Pertanyaan mengenai mengapa bahan bakar diesel secara spesifik disebut sebagai "solar" seringkali muncul di benak masyarakat Indonesia. Di banyak negara lain, bahan bakar jenis ini dikenal sebagai Diesel Fuel atau Gas Oil. Namun, di Indonesia, istilah "solar" telah menjadi sinonim yang tak terpisahkan dari bahan bakar berbasis minyak bumi yang digunakan pada mesin kompresi pembakaran (mesin diesel). Pemahaman mendalam mengenai hal ini tidak hanya berkaitan dengan nomenklatur, tetapi juga dengan karakteristik kimia dan teknis dari bahan bakar itu sendiri.
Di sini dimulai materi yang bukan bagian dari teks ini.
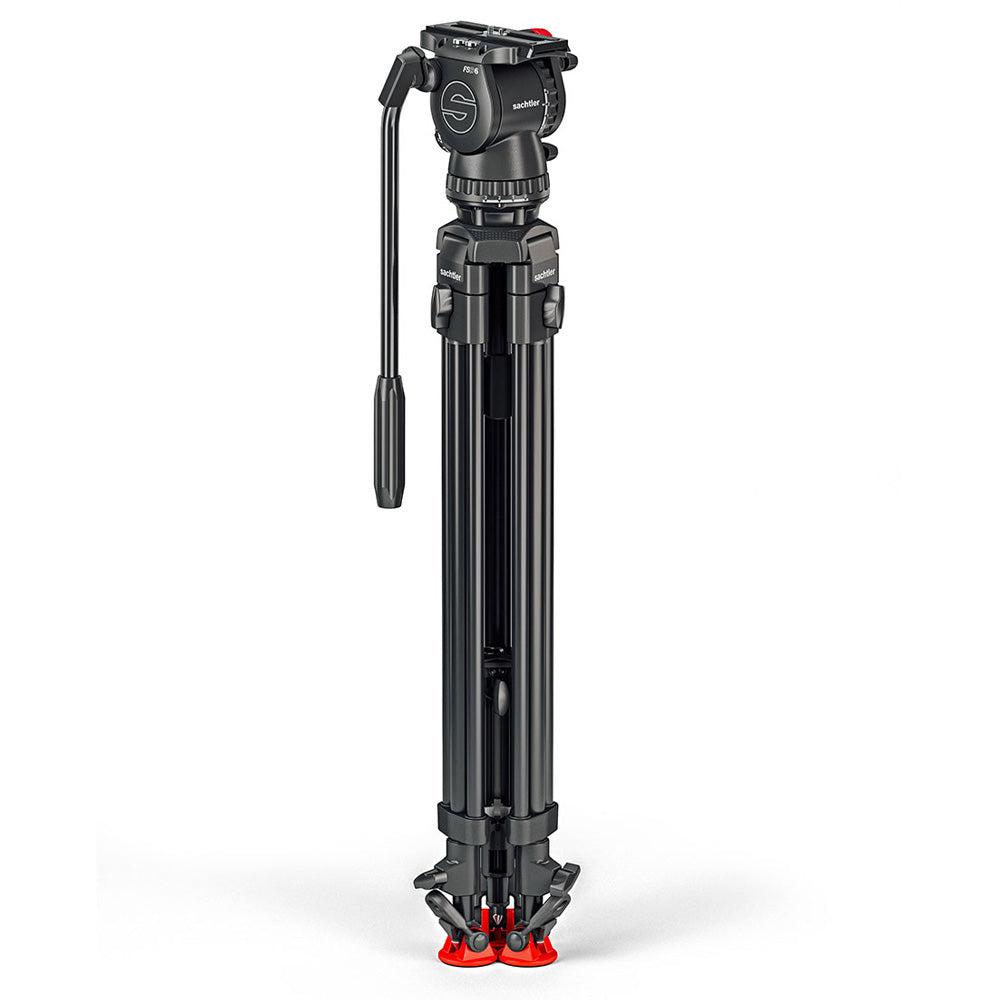 FSB6 Mk II】 Sachtler 75mmボール サイドロード ヘッド（三脚プレート 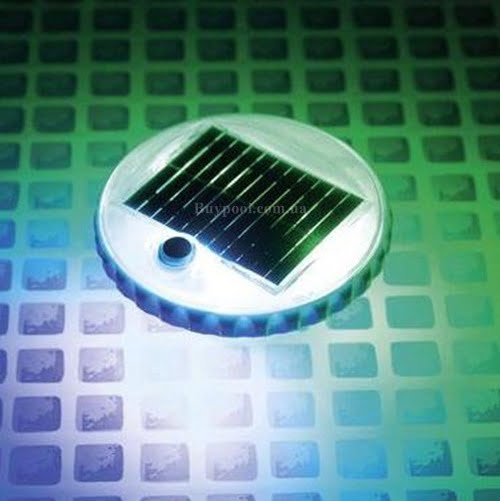 Плавающая подсветка бассейна Intex 28695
Secara historis, nama "solar" berasal dari merek dagang yang populer pada masa awal distribusi bahan bakar ini di Indonesia. Sama seperti istilah "Pepsodent" untuk pasta gigi atau "Aqua" untuk air minum kemasan, "Solar" menjadi generik karena dominasi merek tertentu di pasaran. Namun, di balik nama dagang, substansi dari bahan bakar ini adalah produk distilasi minyak bumi yang memiliki fraksi atau rentang titik didih tertentu. Solar adalah minyak yang dihasilkan setelah proses penyulingan, berbeda dengan bensin (gasoline) yang titik didihnya lebih rendah dan fraksi yang lebih ringan.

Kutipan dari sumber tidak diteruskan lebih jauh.